Before the Doctor grabbed her hand and told her to run, she would never have been the type of girl to just leave her family and friends without question.
Now she was.
She wondered if she should call Mickey. She'd called her mother to tell her she'd be late, but hadn't really spared her boyfriend a thought. The notion made her suddenly miss him, but not in a desperate way. More distantly, like a cousin or old friend.
Cor, was I always such a rubbish girlfriend?
No, not always.
She'd gone above and beyond for Jimmy, had put up with so much and given so much more… there had just been nothing left to give after him. It took two years for her to claw back the parts of herself that she'd willingly given, and there hadn't been anything left for Mickey. Nothing beyond what they'd always had since they were kids, anyhow.
It was better than many people got.
He'd always understood that, and they'd never been that kind of besotted and passionate couple. Theirs was the comfortable, complacent relationship of two people who had known each other their entire lives and expected to continue in that way for the rest of them.
At least Mickey did.
Rose wasn't sure she'd ever felt that way, and right now it seemed so far from what she wanted.
In fact, she didn't even recognise herself from three days ago. Or four.
What am I going to do when the Doctor does bring me home? She wondered, sneaking glances at the alien out of the corner of her eye.
What if he decided he'd had enough of her and brought her home and went on with his fantastic life without her? He'd be all alone, and she'd…
What? Go work at the chippy?
The idea absolutely terrified her.
While travelling with the Doctor made her braver, it also made her greatest fear – being trapped on the Estate for the rest of her life – that much more powerful.
Just going to have to make sure he doesn't leave me behind, she decided firmly.
As soon as this trip was over, she'd ask the Doctor to bring her to check in with her mother. Possibly say goodbye to Mickey and Gran and Shireen, too. She'd tell Jackie she'd decided to take a gap year… and then figure out how to explain the travelling-through-time-and-space thing later.
Because suddenly, she saw her entire life stretch out before her, and it was on the TARDIS with the Doctor. The allure of such a life was equal parts the adventures and being around him.
Her world had shifted the night she met him.
Although it was far too early to even consider what that meant to her, she intended to take her new life a day at a time until she could.
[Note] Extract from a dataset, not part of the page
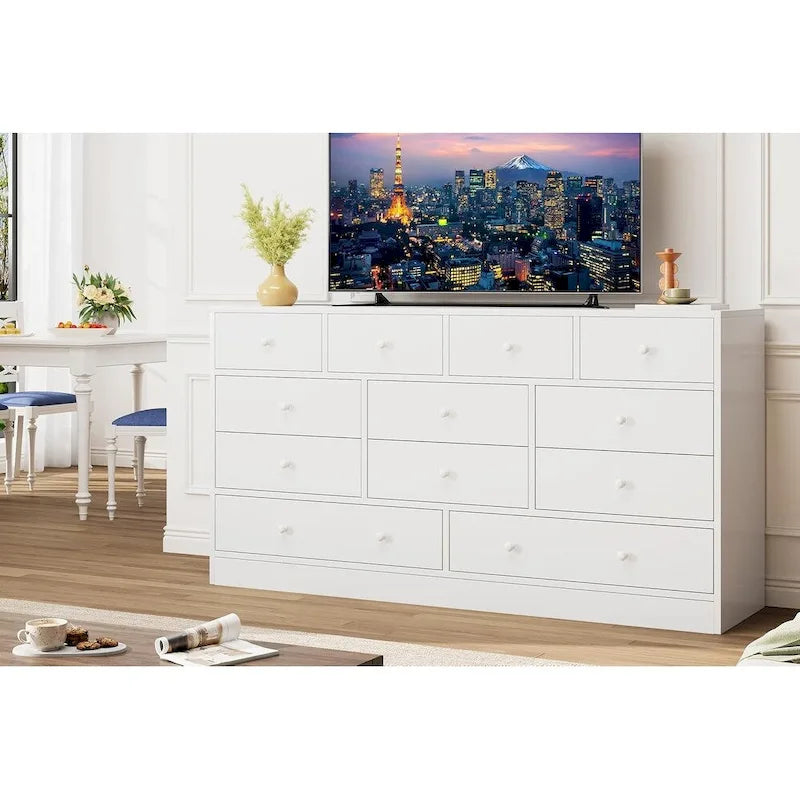 12 Drawer Dresser for Bedroom, 61 Inch Wood Dresser with Power Outlet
But she would also keep herself safe.
The cock-up that had been her experience with Jimmy had taught her an important lesson, not just when it came to romance, but in life. She understood that the more you wanted something, the more you had to hide it from other people. If they figured out how much you wanted it, they would have power over you. And as much as she liked the Doctor, she wouldn't give him that.
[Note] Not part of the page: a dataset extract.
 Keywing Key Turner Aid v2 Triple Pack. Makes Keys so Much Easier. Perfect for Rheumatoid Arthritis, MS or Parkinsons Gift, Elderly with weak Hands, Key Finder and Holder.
Or, at least, she would try not to give him that.
He was intense and alien and when she reflected on it, Mickey had been right. The Doctor could be dangerous. He could be especially dangerous to her.
It had hit her the first time on Platform One when Raffalo asked her where she came from. Rose hadn't been able to answer without explaining him and trying to do that had suddenly underscored the fact that she didn't have any information about him.
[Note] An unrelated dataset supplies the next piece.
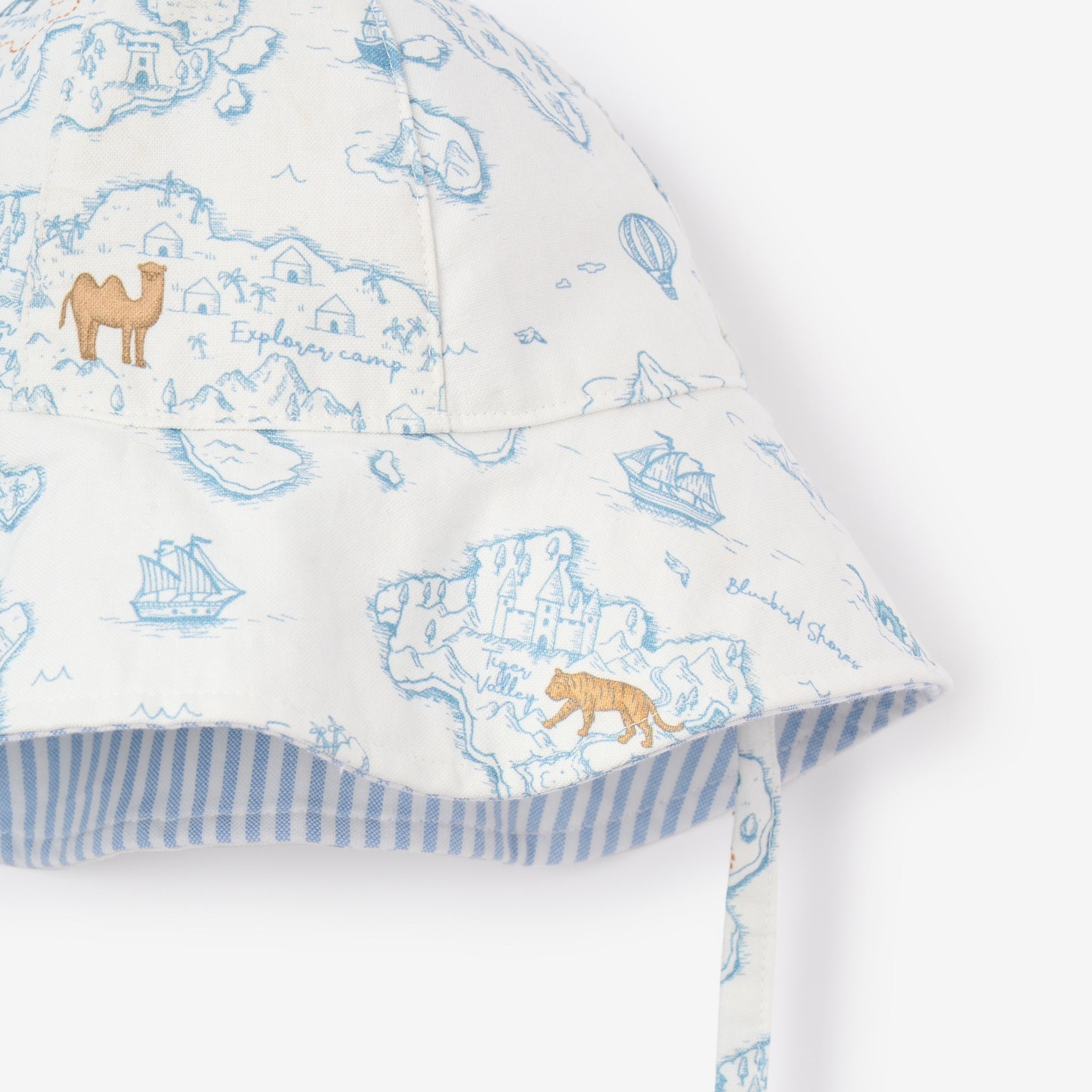 Elegant Baby Oxford Stripe & World Explorer Reversible Classic Sunhat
A mysterious stranger says he's an alien and instead of running screaming for the hills I hitch a lift with him, she chided herself.
Never mind that this mysterious Doctor might eat people (which she was relieved wasn't the case) or might be some kind of interplanetary slaver specialising in humans. Or any number of horrible other things.
She had simply gone.
She knew nothing about this strange, sad, wonderful alien, but she intuited with a startling flash of insight that her place was beside him.
It was mildly terrifying to be that sure of something, especially considering she had never been absolutely sure of anything in her life.
Rose tightened her grip on the Doctor's hand, and when he shot her questioning look, she only grinned at him.
Terrified or not, she was glad it was the Doctor by her side while she experienced it.